Although various collections of data and/or files may be considered as databases, from the operation and functionality perspective, or in other words, judged on the sophistication levels of data management, they can be roughly categorized into the following four types/levels excluding the anachronistic hardcopy archive collections.
Upload electronic data files for users to browse and find the information they need
Organize data files in a searchable fashion and maintain relationships among data chunks
Manage data/metadata and detail interrelationships of the data/metadata in self-explanatory and machine-readable records in customized database schemas
Enable automated data exchange between database system and simulation software applications
Development to level 1 produces a “data dump.” It is economical and easy for database developers, but as more and more data files are stored it inevitably grows into a data swamp that is very difficult for users to navigate. Many databases are, therefore, developed to level 2 to facilitate navigation but often prove prone to misinterpretation and misuse of data in unavoidable encounters with ambiguities and information gaps in some data, particularly when consultation with the data providers to clarify ambiguities is no longer available. Misinterpretation and misuse of data in the development of Codes and Standards can likely put engineering applications at risk and may also become dangerous to the public. Development to level 3 can eliminate these problems but is much more effort-demanding for the database developers, particularly it requires subject matter expertise of the developers in creating self-explanatory records of data for a given subject matter. Level 4 must be built on level 3 with custom Application Programing Interfaces (APIs) to enable great efficiency and accuracy in data transfer, simulation, and machine learning.

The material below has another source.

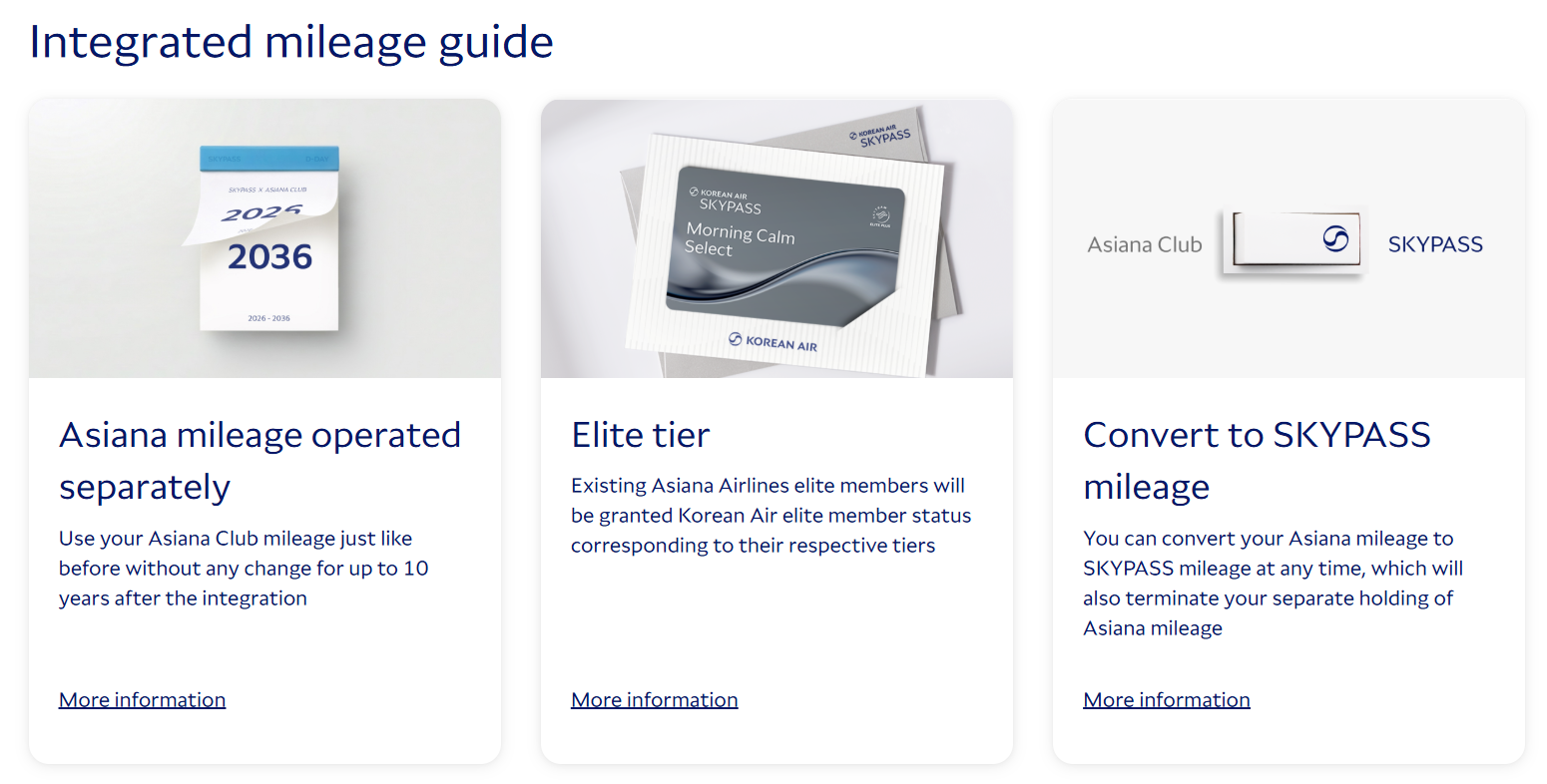 Korean Air and Asiana integrated mileage guide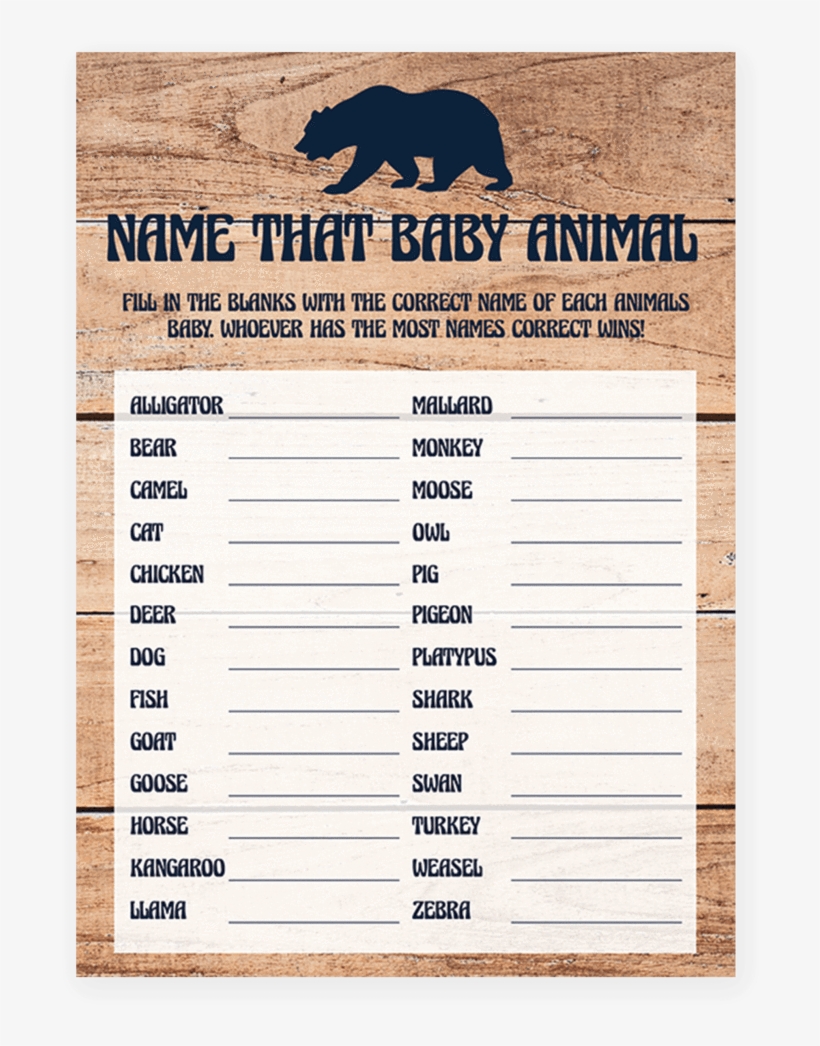 Name That Baby Animal Game For Rustic Baby Shower Printable - Printable Mommy And Daddy Baby Shower Games, transparent png #4036568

5 Data Modernization Requirements
From the discussion above, it has become obvious that to effectively support the Codes and Standards in the upcoming AI era, it is the materials knowledge, instead of merely materials data, which needs to be managed by the ASME Materials Properties Database.
It should further be noted that data is the carrier of information, and for it to be managed as knowledge, data must be organized into a meaningful and purposeful structure that is consistent with human cognitive processes. To achieve such knowledge management, a database must be constructed with schemas that map the purposeful information structure of the intended knowledge domain and subdomains.
It follows that for the knowledge domain and subdomains of developing and maintaining the Codes and Standards, the schemas of the ASME Materials Properties Database must map the entire information structure and information flow from the initial Codes and Standards inquiry data package, through various data analysis operations, to the final product of Codes and Standards rules and design parameters for publication.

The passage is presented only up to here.